Build a finite element method on a mesh

The object getfem::mesh_fem defined in getfem/getfem_mesh_fem.h is designed to describe a finite element method on a whole mesh, i.e. to describe the finite element space on which some variables will be described. This is a rather complex object which is central in GetFEM++. Basically, this structure describes the finite element method on each element of the mesh and some additional optional transformations. It is possible to have an arbitrary number of finite element descriptions for a single mesh. This is particularly necessary for mixed methods, but also to describe different data on the same mesh. One can instantiate a getfem::mesh_fem object as follows:

getfem::mesh_fem mf(mymesh);

where mymesh is an already existing mesh. The structure will be linked to this mesh and will react when modifications will be done on it.

It is possible to specify element by element the finite element method, so that element of mixed types can be treated, even if the dimensions are different. For usual elements, the connection between two elements is done when the two elements are compatibles (same degrees of freedom on the common face). A numeration of the degrees of freedom is automatically done with a Cuthill Mc Kee like algorithm. You have to keep in mind that there is absolutely no connection between the numeration of vertices of the mesh and the numeration of the degrees of freedom. Every getfem::mesh_fem object has its own numeration.

There are three levels in the getfem::mesh_fem object:

  • The element level: one finite element method per element. It is possible to mix the dimensions of the elements and the property to be vectorial or scalar.
  • The optional vectorization/tensorization (the qdim in getfem jargon, see vocabulary). For instance to represent a displacement or a tensor field in continuum mechanics. Scalar elements are used componentwise. Note that you can mix some intrinsic vectorial elements (Raviart-Thomas element for instance) which will not be vectorized and scalar elements which will be.
  • (GetFEM++ version 4.0) The optional additional linear transformation (reduction) of the degrees of freedom. It will consist in giving two matrices, the reduction matrix and the extension matrix. The reduction matrix should transform the basic dofs into the reduced dofs (the number of reduced dofs should be less or equal than the number of basic dofs). The extension matrix should describe the inverse transformation. The product of the reduction matrix with the extension matrix should be the identity matrix (ensuring in particular that the two matrices are of maximal rank). This optional transformation can be used to reduce the finite element space to a certain region (tipically a boundary) or to prescribe some matching conditions between non naturally compatible fems (for instance fems with different degrees).
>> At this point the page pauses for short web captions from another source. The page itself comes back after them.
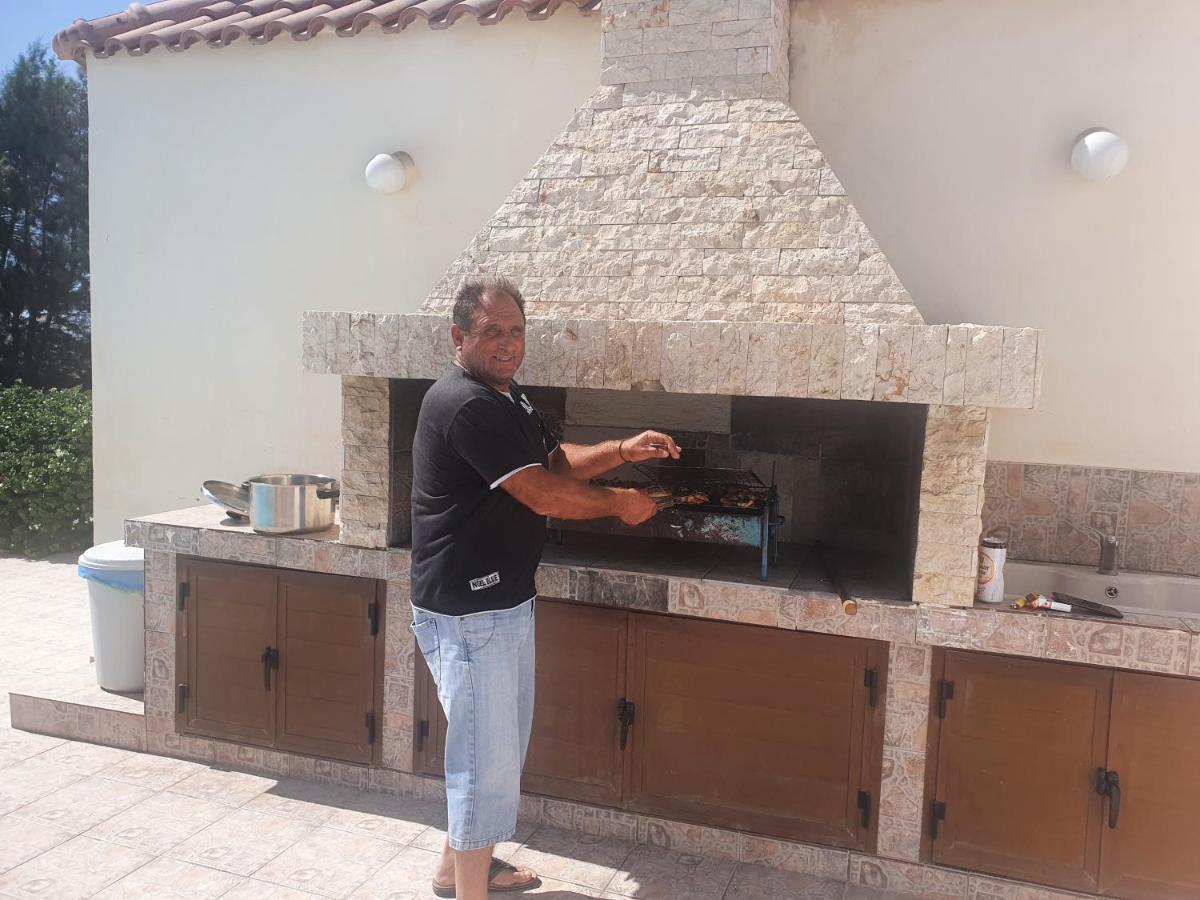 Larnaca Mansion Ideal For 3 Families Or More מראה חיצוני תמונה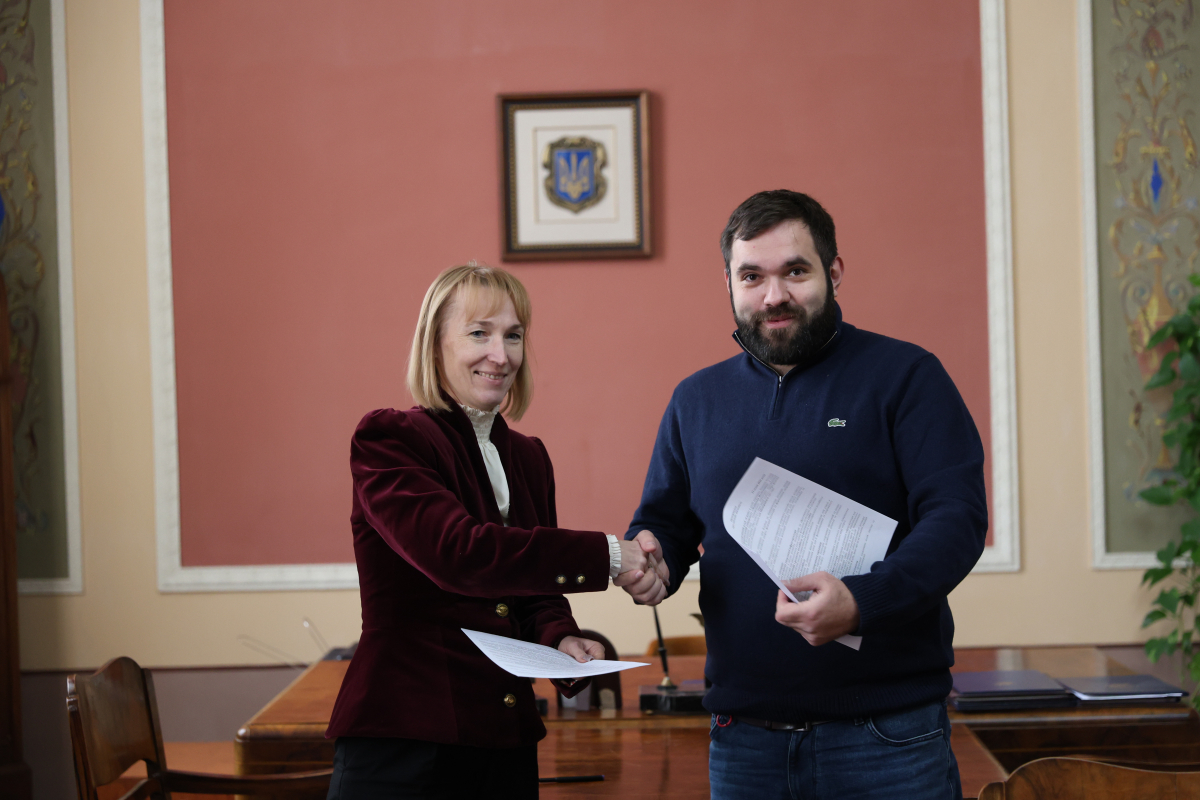 Фото з підписання меморандуму про співпрацю
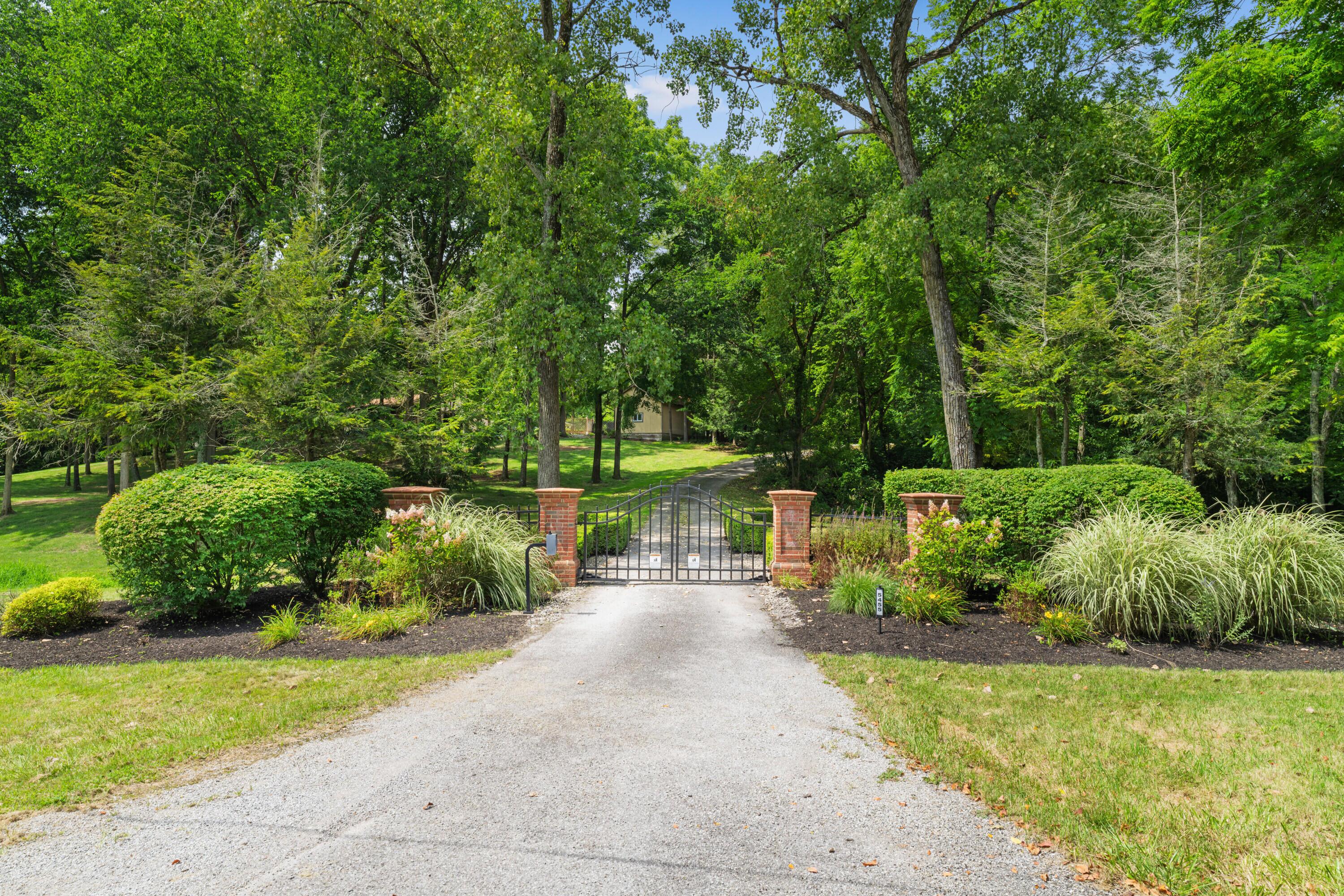 5455 Plantation Road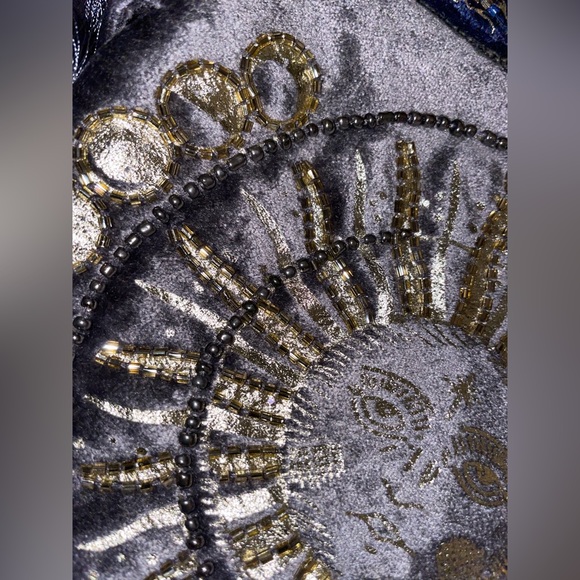 24HR DROP 🎁⬇️ Hand beaded suede celestial zipper pouches - Picture 4 of 9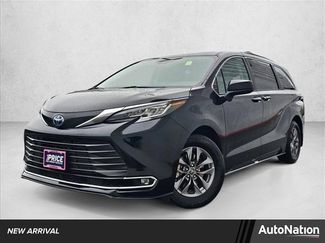 Used 2023 Toyota Sienna XLE video 1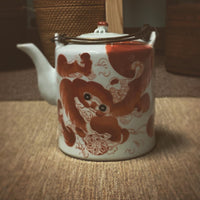 Vintage-style 900mL 红狮 Hong Shi (Red Lion) Teapot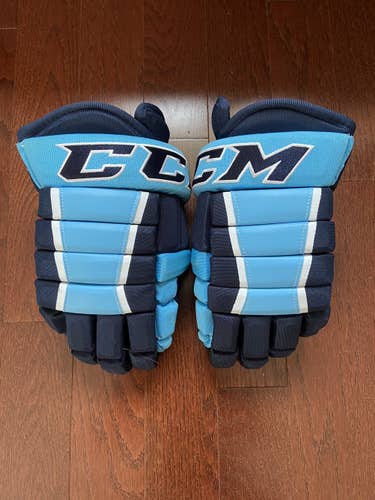Blue Senior CCM 14" HG4PC Gloves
One has to keep in mind this construction manipulating the degrees of freedom of a getfem::mesh_fem object.

First level: manipulating fems on each elements

To select a particular finite element method on a given element, use the method:

mf.set_finite_element(i, pf);

where i is the index of the element and pf is the descriptor (of type getfem::pfem, basically a pointer to an object which inherits from getfem::virtual_fem) of the finite element method. Alternative forms of this member function are:

void mesh_fem::set_finite_element(const dal::bit_vector &cvs,
                                  getfem::pfem pf);
void mesh_fem::set_finite_element(getfem::pfem pf);

which set the finite elements for either the convexes listed in the bit_vector cvs, or all the convexes of the mesh. Note that the last method makes a call to the method:

void mesh_fem::set_auto_add(pfem pf);

which defines the default finite element method which will be automatically added on new elements of the mesh (this is very useful, for instance, when a refinement of the mesh is performed).

Descriptors for finite element methods and integration methods are available thanks to the following function:

getfem::pfem pf = getfem::fem_descriptor("name of method");

where "name of method" is to be chosen among the existing methods. A name of a method can be retrieved thanks to the following functions:

std::string femname = getfem::name_of_fem(pf);

A non exhaustive list (see Appendix A. Finite element method list or getfem/getfem_fem.h for exhaustive lists) of finite element methods is given by:

  • "FEM_PK(n,k)": Classical P_K methods on simplexes of dimension n with degree k polynomials.
  • "FEM_QK(n,k)": Classical Q_K methods on parallelepiped of dimension n. Tensorial product of degree k P_K method on the segment.
  • "FEM_PK_PRISM(n,k)": Classical methods on prism of dimension n. Tensorial product of two degree k P_K method.
  • "FEM_PRODUCT(a,b)": Tensorial product of the two polynomial finite element method a and b.
  • "FEM_PK_DISCONTINUOUS(n,k)": discontinuous P_K methods on simplexes of dimension n with degree k polynomials.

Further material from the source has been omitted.